Op deze manier redenerend ontstaat een andere zwakke vorm van het sublieme, die meer lijkt op de opvatting van Longinus dan op die van Immanuel.
Maar lang niet alle indrukwekkende schilderijen lokken een sublieme ervaring uit. In zulke gevallen kan het begrip epifanie worden gebruikt; ik denk hierbij aan de latere zelfportretten van Rembrandt, schilderijen van de Mont Saint-Victoire van Cézanne, neoplasticistische werken van Mondriaan en Picasso’s Guernica. Deze werken kunnen een diepe en blijvende indruk op de beschouwer maken, maar missen óf de verwijzing naar een angstaanjagende of ingrijpende gebeurtenis óf de eigenschap dat de beschouwer intens bij het afgebeelde wordt betrokken.

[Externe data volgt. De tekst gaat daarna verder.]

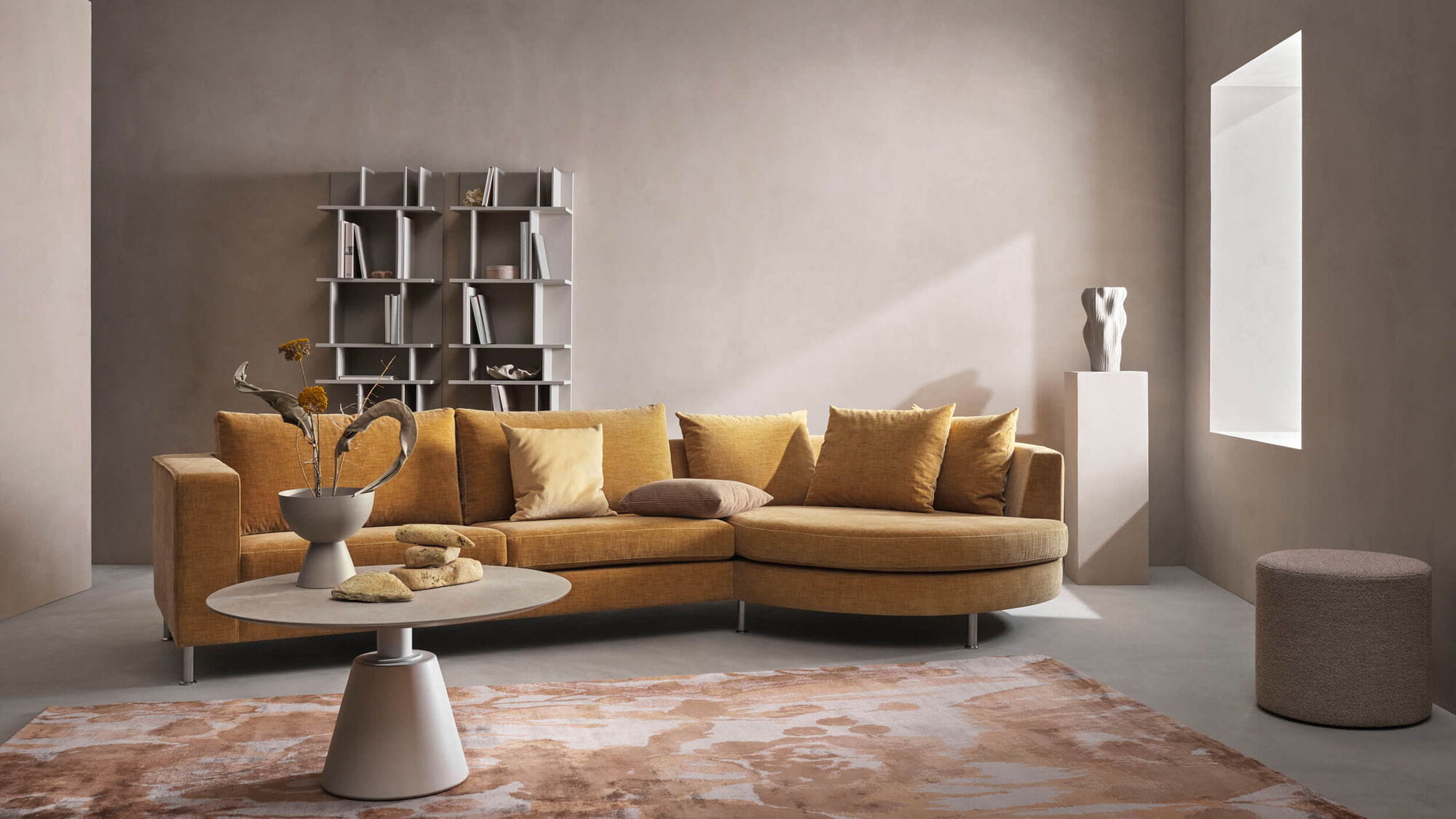 luxurious living room, furniture storage for bedroom, sectional sofa, coffee table, rug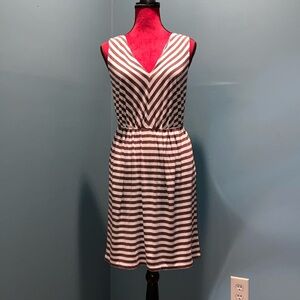 Talbots Brown and White Striped Sleeveless Dress Size XS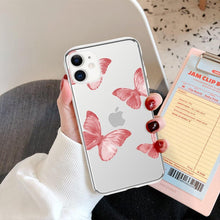 Load image into Gallery viewer, Fashion Butterfly Transparent Phone Case For iPhone 11 12 13 Pro Max 12 Mini Beautiful Butterfly Soft Butterfly Silicone Protective Case Clear Back Cover
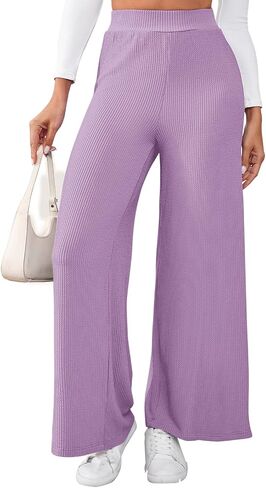 Women's High Waisted Drawstring Waist Wide Leg Solid Color Pants Sweatpants Casual Loose Yoga Pants with Pockets in Kuwait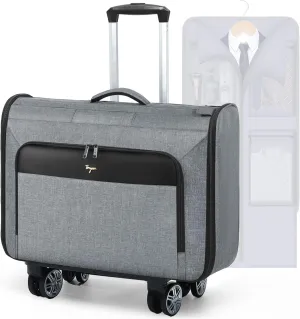Softside Rolling Garment Bag,3 in 1Wheeled Garment Bags for Travel with Wheels,Upgraded Zipper Duffle Bag Suitcase with Handle,Large Convertible Carry On Travel Bag for Men Women,Grey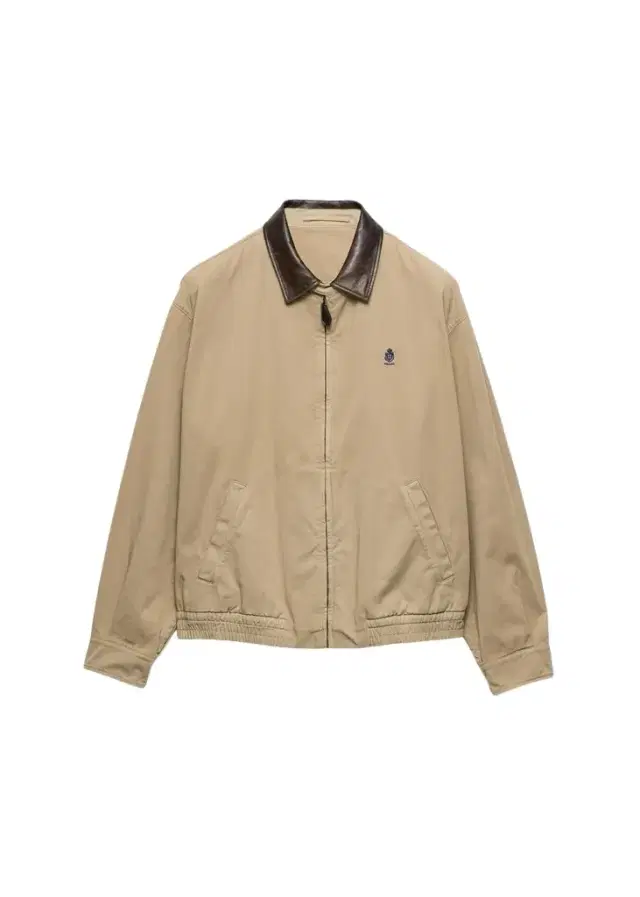 Prada Men's Old Gabardine Leather-Collar Full-Zip Jacket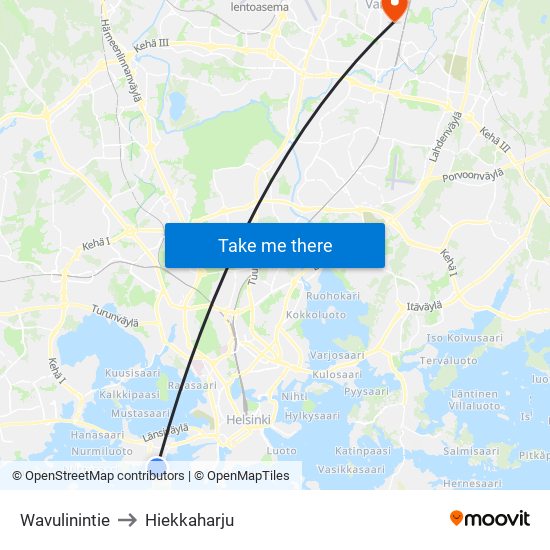 Wavulinintie to Hiekkaharju map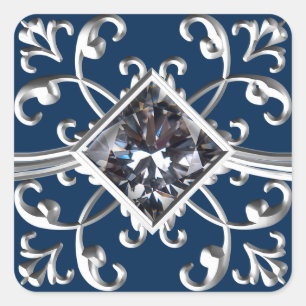 Marine Blauw Zilver Bloeiende Envelopzegel Vierkante Sticker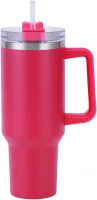 Pronett XJ5555 Termohrnek s uchem a brčkem, nerez, 1200 ml, černý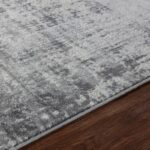 Tapis gris moderne sur plancher en bois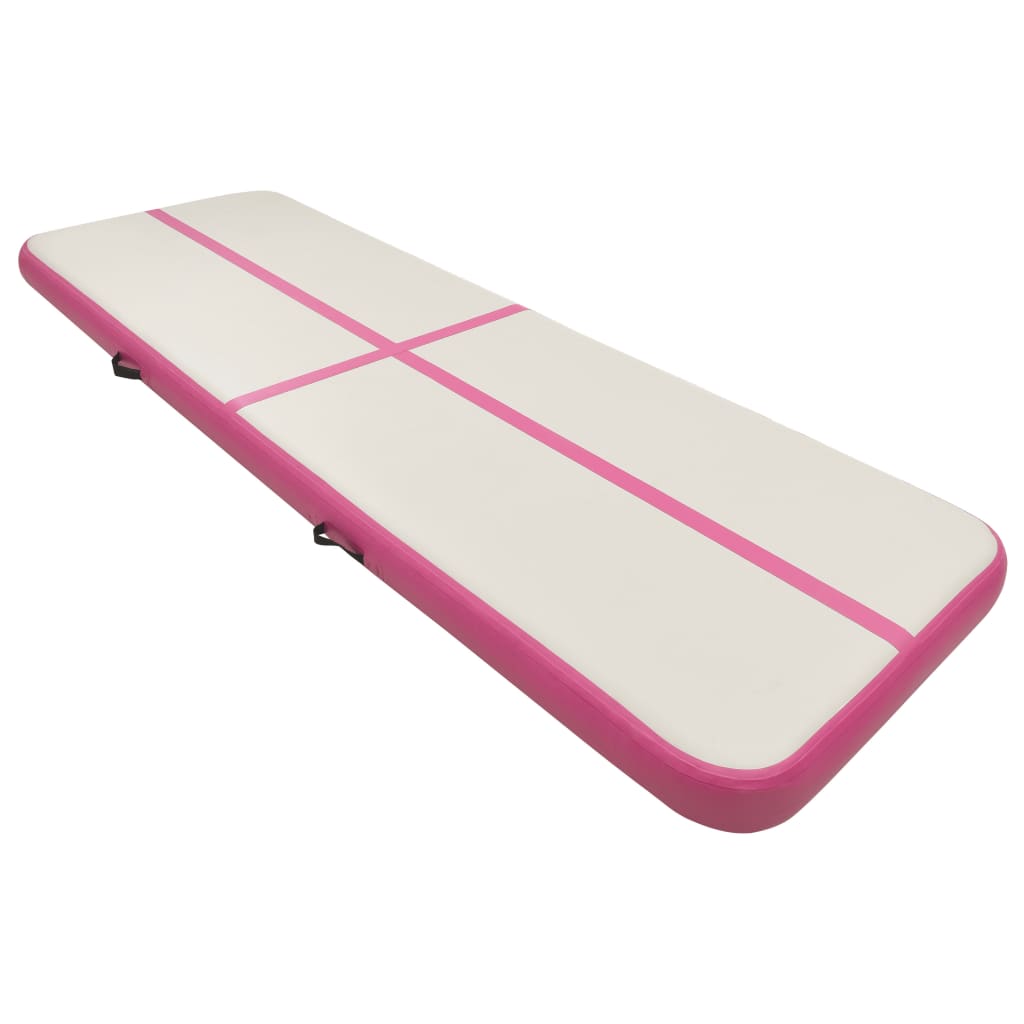 Tappetino Ginnastica Gonfiabile con Pompa 300x100x20cm PVC Rosa cod mxl 76958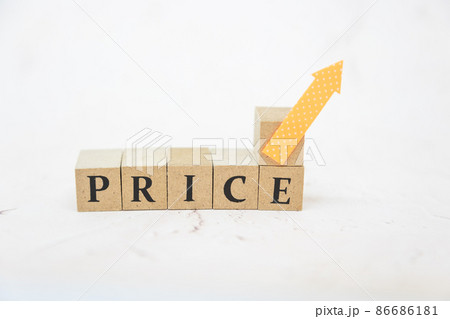 文字ブロック PRICE 上昇 文字ブロック PRICE 上昇 86686181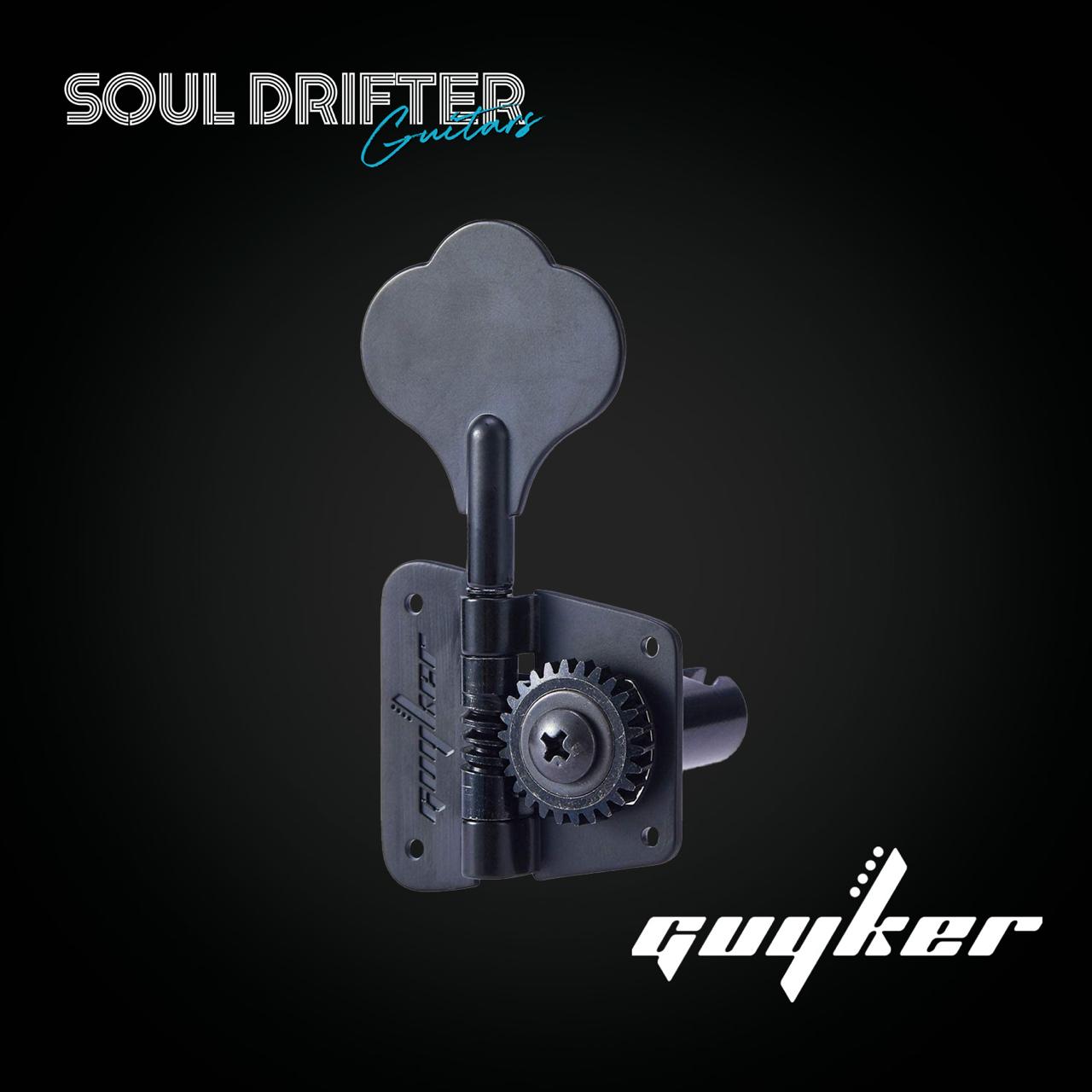 Guyker GK-530 Open Frame Tuning Pegs for Electric Bass with 1:20 Ratio (Right Handed) - Black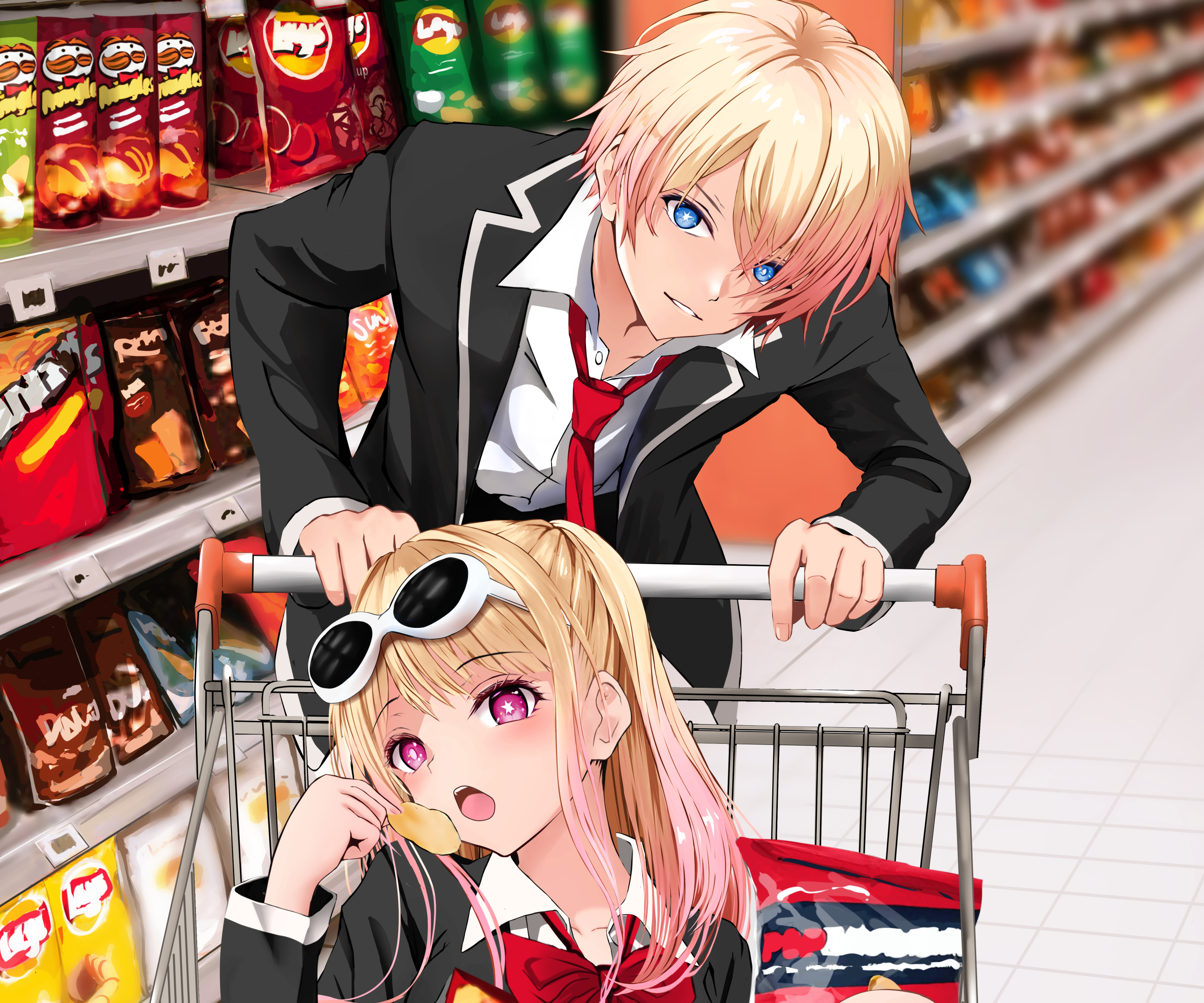 Anime 2833x2361 anime anime girls Oshi no Ko anime boys shopping cart shopping looking at viewer gradient hair two tone hair star eyes Hoshino Ruby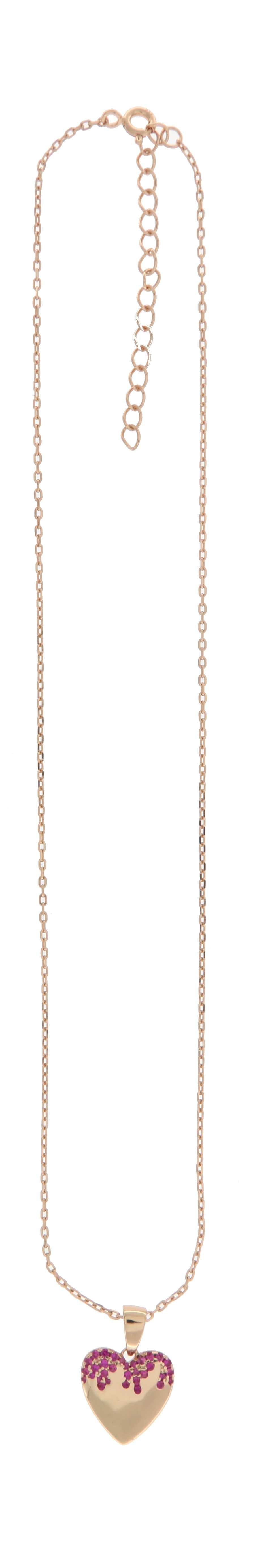 Collar Corazón en Plata 925 con Circonias Fucsia
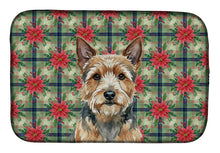 Load image into Gallery viewer, Norwich Terrier Christmas PoinsettIas Dish Drying Mat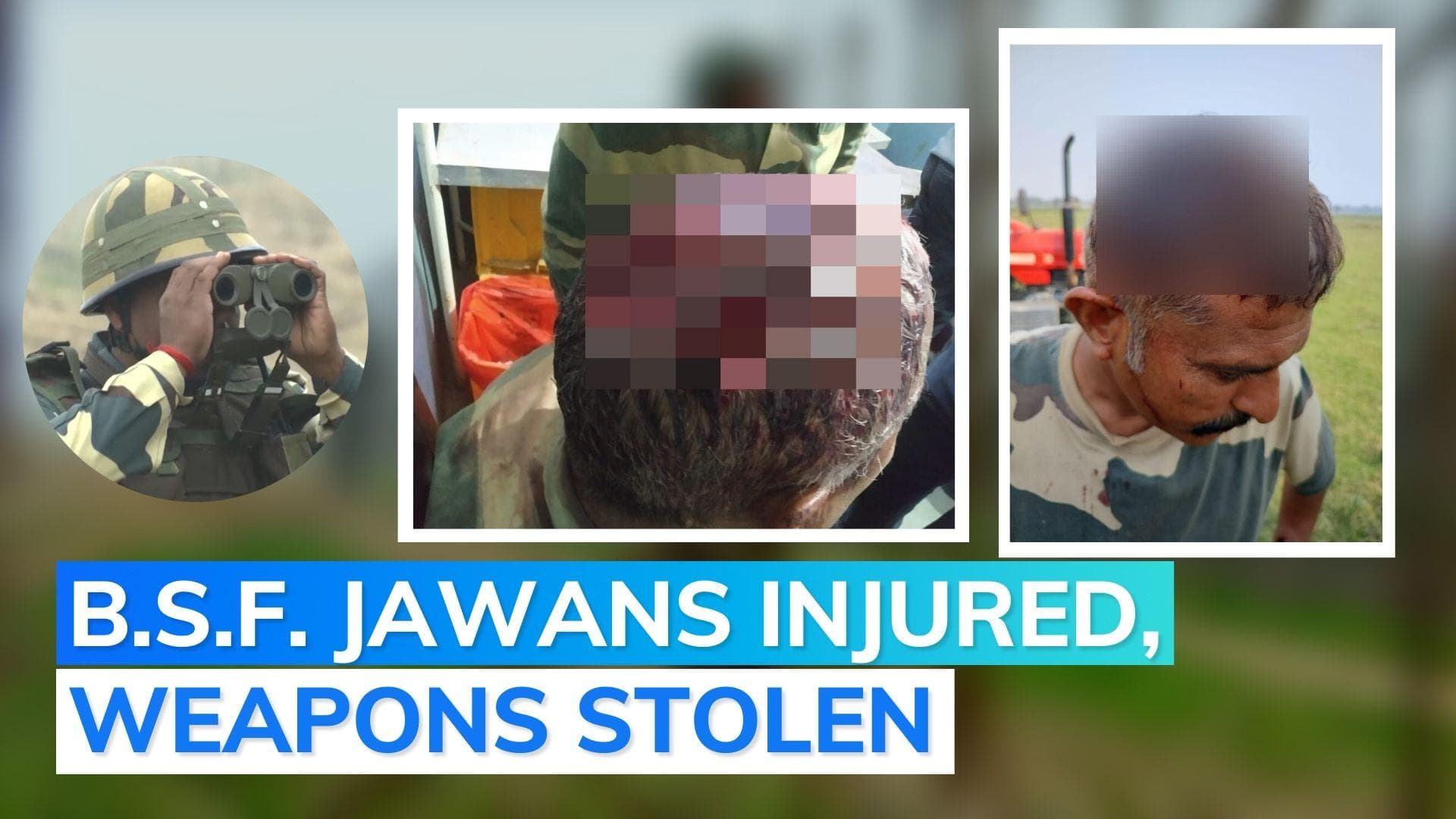 BSF soldiers attacked by Bangladeshi villagers for stopping cattle grazing on Indian land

(Wellicht fronsen lezers de wenkbrauwen bij mijn beoordeling dat Picasso’s Guernica een geval is van epifanie en niet van sublimiteit. Ik ben van mening dat de stijl en de compositie die Picasso gebruikte bij het maken van dit schilderij, de beschouwer mentaal op een afstand zet. De stijl is hier en daar invoelbaar aangrijpend, maar dat geldt niet voor het hele doek. Bovendien dwingt het formaat van het doek, in samenhang met de gekozen vormentaal, de beschouwer het schilderij ook letterlijk van een zekere afstand waar te nemen. Dit in tegenstelling tot Who is afraid of red yellow and blue III van Barnett Newman, dat een sterkere sublieme ervaring veroorzaakt naarmate de beschouwer het werk dichter nadert.)